Performance comparison of several batch inserts in MyBatis

There are three main methods for batch data processing:
1. Execute a single insert statement repeatedly
2. foreach splicing sql
3. Batch processing

1, Preliminary preparation

Based on Spring Boot + Mysql, lombok is used to omit get/set. See pom.xml for details.

1.1 table structure

id is self incremented using the database.

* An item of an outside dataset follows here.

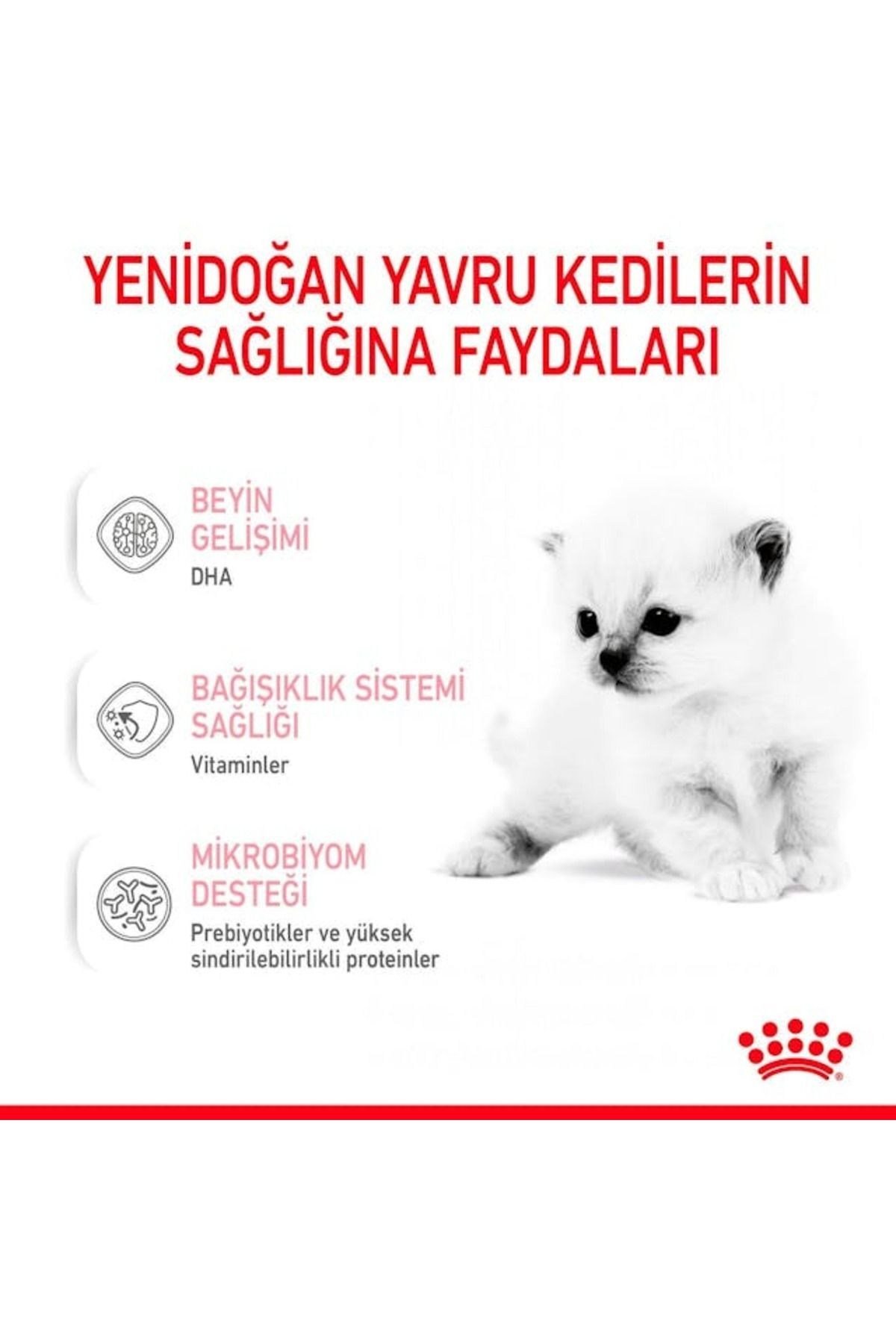 Cat Kedi Süt Tozu 300gr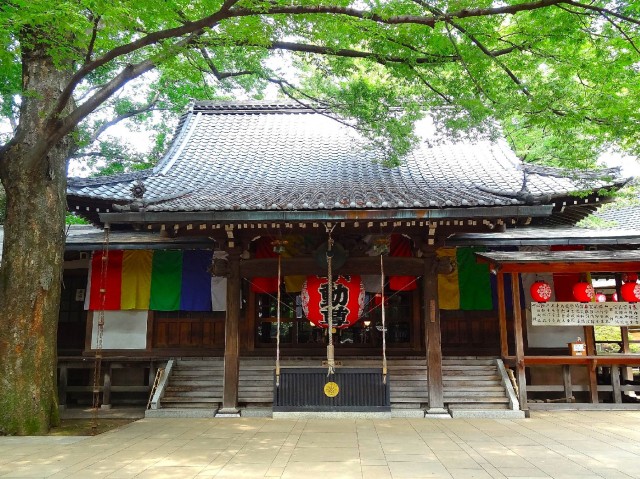 ニューライフ等々力　等々力不動尊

DROP TABLE IF EXISTS `user_info_batch`;
CREATE TABLE `user_info_batch` (
                           `id` bigint(11) unsigned NOT NULL AUTO_INCREMENT COMMENT 'Primary key id',
                           `user_name` varchar(100) NOT NULL COMMENT 'title of account',
                           `pass_word` varchar(100) NOT NULL COMMENT 'Login password',
                           `nick_name` varchar(30) NOT NULL COMMENT 'nickname',
                           `mobile` varchar(30) NOT NULL COMMENT 'cell-phone number',
                           `email` varchar(100) DEFAULT NULL COMMENT 'e-mail address',
                           `gmt_create` timestamp NOT NULL DEFAULT CURRENT_TIMESTAMP COMMENT 'Creation time',
                           `gmt_update` timestamp NULL DEFAULT NULL COMMENT 'Update time',
                           PRIMARY KEY (`id`) USING BTREE
) ENGINE=InnoDB AUTO_INCREMENT=1 DEFAULT CHARSET=utf8 ROW_FORMAT=DYNAMIC COMMENT 'Mybatis Batch';

1.2 project configuration file

Carefully, you may have found that the database url is followed by a paragraph rewritebackedstatements = true. What's the use? Don't worry, I'll introduce it later.

Database configuration
spring:
  datasource:
    url: jdbc:mysql://47.111.118.152:3306/mybatis?rewriteBatchedStatements=true
    username: mybatis
    password: password
    driver-class-name: com.mysql.cj.jdbc.Driver
mybatis
mybatis:
  mapper-locations: classpath:mapper/*.xml
  type-aliases-package: cn.van.mybatis.batch.entity

1.3 entity class

@Data
@Accessors(chain = true)
public class UserInfoBatchDO implements Serializable {
    private Long id;
    
    private String userName;

    private String passWord;

    private String nickName;

    private String mobile;

    private String email;

    private LocalDateTime gmtCreate;

    private LocalDateTime gmtUpdate;
}

1.4 UserInfoBatchMapper

public interface UserInfoBatchMapper {
    /** Single insert
     * @param info
     * @return
     */
    int insert(UserInfoBatchDO info);

    /**
     * foreach insert
     * @param list
     * @return
     */
    int batchInsert(List<UserInfoBatchDO> list);
}

1.5 UserInfoBatchMapper.xml

<?xml version="1.0" encoding="UTF-8"?>

<!DOCTYPE mapper PUBLIC "-//mybatis.org//DTD Mapper 3.0//EN" "http://mybatis.org/dtd/mybatis-3-mapper.dtd">
<mapper namespace="cn.van.mybatis.batch.mapper.UserInfoBatchMapper">


  <insert id="insert" parameterType="cn.van.mybatis.batch.entity.UserInfoBatchDO">
    insert into user_info_batch (user_name, pass_word, nick_name, mobile, email, gmt_create, gmt_update)
    values (#{userName,jdbcType=VARCHAR}, #{passWord,jdbcType=VARCHAR},#{nickName,jdbcType=VARCHAR}, #{mobile,jdbcType=VARCHAR}, #{email,jdbcType=VARCHAR}, #{gmtCreate,jdbcType=TIMESTAMP}, #{gmtUpdate,jdbcType=TIMESTAMP})
  </insert>

  <insert id="batchInsert">
    insert into user_info_batch (user_name, pass_word, nick_name, mobile, email, gmt_create, gmt_update)
    values
    <foreach collection="list" item="item" separator=",">
      (#{item.userName,jdbcType=VARCHAR}, #{item.passWord,jdbcType=VARCHAR}, #{item.nickName,jdbcType=VARCHAR}, #{item.mobile,jdbcType=VARCHAR}, #{item.email,jdbcType=VARCHAR}, #{item.gmtCreate,jdbcType=TIMESTAMP}, #{item.gmtUpdate,jdbcType=TIMESTAMP})
    </foreach>
  </insert>
</mapper>

1.6 preliminary data

In order to facilitate the test, several variables are extracted and loaded in advance.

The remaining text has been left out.